What does a typical day for you look like?
To be honest, when working as a lawyer there is no such thing as a typical day, since the type of work varies depending on the type of cases you’re working on. However, unless I have a hearing, the order in which I execute the various works each day is generally the same.
Normally, I come into the office at 9:00 in the morning. I have a coffee and then start checking and answering my emails. The rest of what I do depends greatly on the content of my inbox. If there are no urgent matters, I start working on my to do list for that day.
The work can vary from preparing for a hearing to doing legal research in order to draft a legal opinion or meeting with clients to discuss a new matter. If an urgent matter has arisen, or arises during the day, this will take precedence, which results in me dropping whatever I am working on. This for instance happens when a client wants to arrest a vessel, which is due to leave the Netherlands on short term.
My workday usually ends around 18:30, unless it is very busy or I am working on an urgent matter. So my day ends when the work is done.
What was the best advice (workwise) someone gave you?

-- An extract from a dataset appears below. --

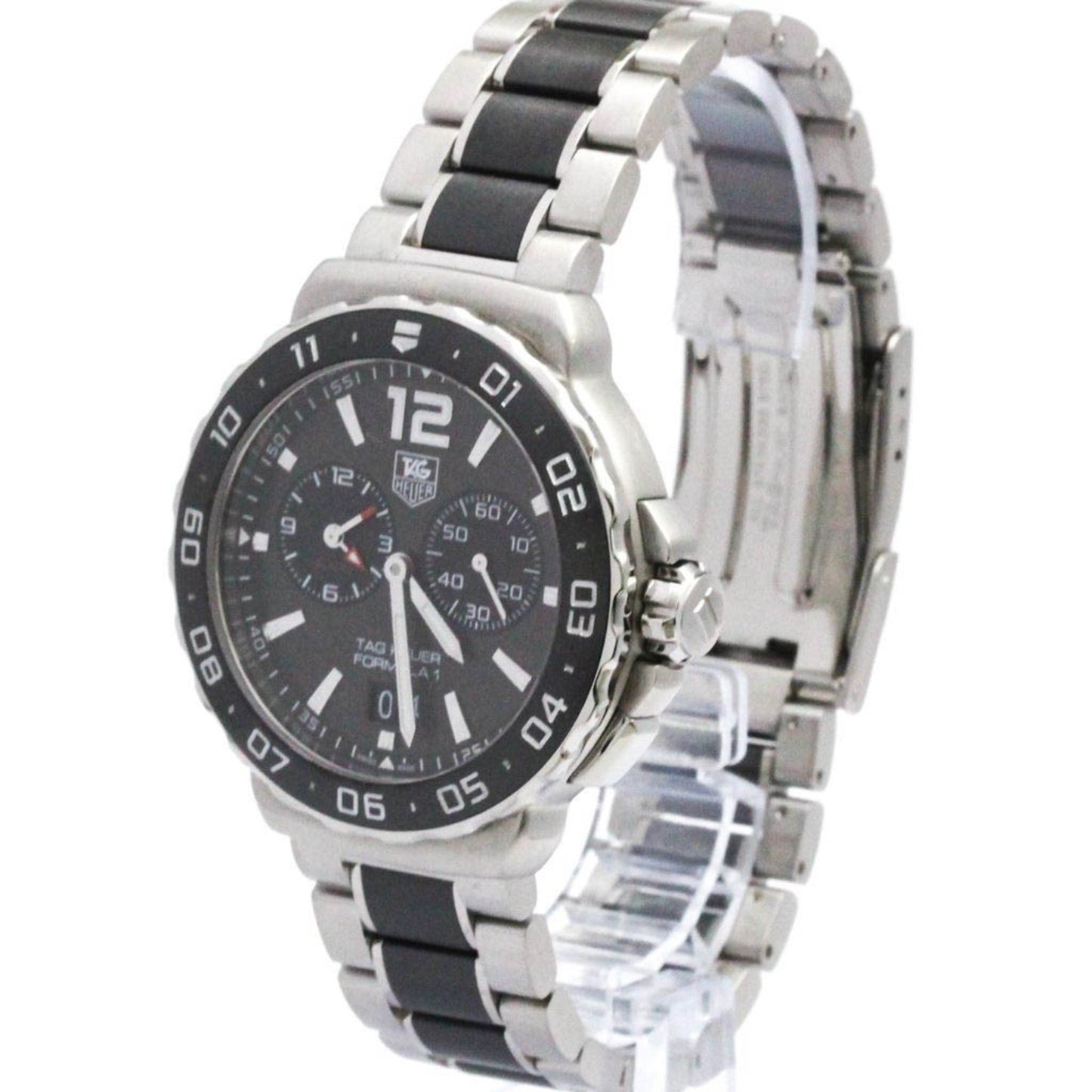 Tag Heuer Formula 1 Grand Date Alarm Steel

A former colleague of mine advised me to always record everything you discuss or agree upon in an email, in order to prevent discussion about the content later on.
How could you be of help to others in the industry or RMSC?
I can offer others in the industry or the RMSC legal advice about matters concerning transport law, maritime law, insurance- and liability law and environmental criminal law if this would ever be necessary.
Furthermore, I am part of the global community ‘Lean in’, which is dedicated to helping women achieve their ambitions. I am part of a ‘Lean In-circle’ in Rotterdam, which consists out of a group of 11 women who have been working for about 5 years at a variety of companies in the Netherlands. We provide support to each other on topics like career growth, combining career ambitions and family life etc. I would be able to introduce likeminded women to the global community ‘Lean in’ community and possibly my ‘Lean In-circle’, if there is space.
And lastly: What’s in the news which relates directly to your profession?
Most recently I would have to say the news about the ‘EVERGIVEN’ blocking the Suez Canal. A blockage of this caliber results in huge damages all around the world. Not only for the cargo interests but also for shipowners dealing with i.e. damage due to delays. When damages run this high, lawyers generally tend to become involved. After all, when it comes to maritime claims legally the Owners of the vessel have the right to limit their liability by setting up a limitation fund. This has also happened here. If there are losses suffered by cargo interests then legal representation will be required to lodge claims within the limitation fund as part of any recovery action.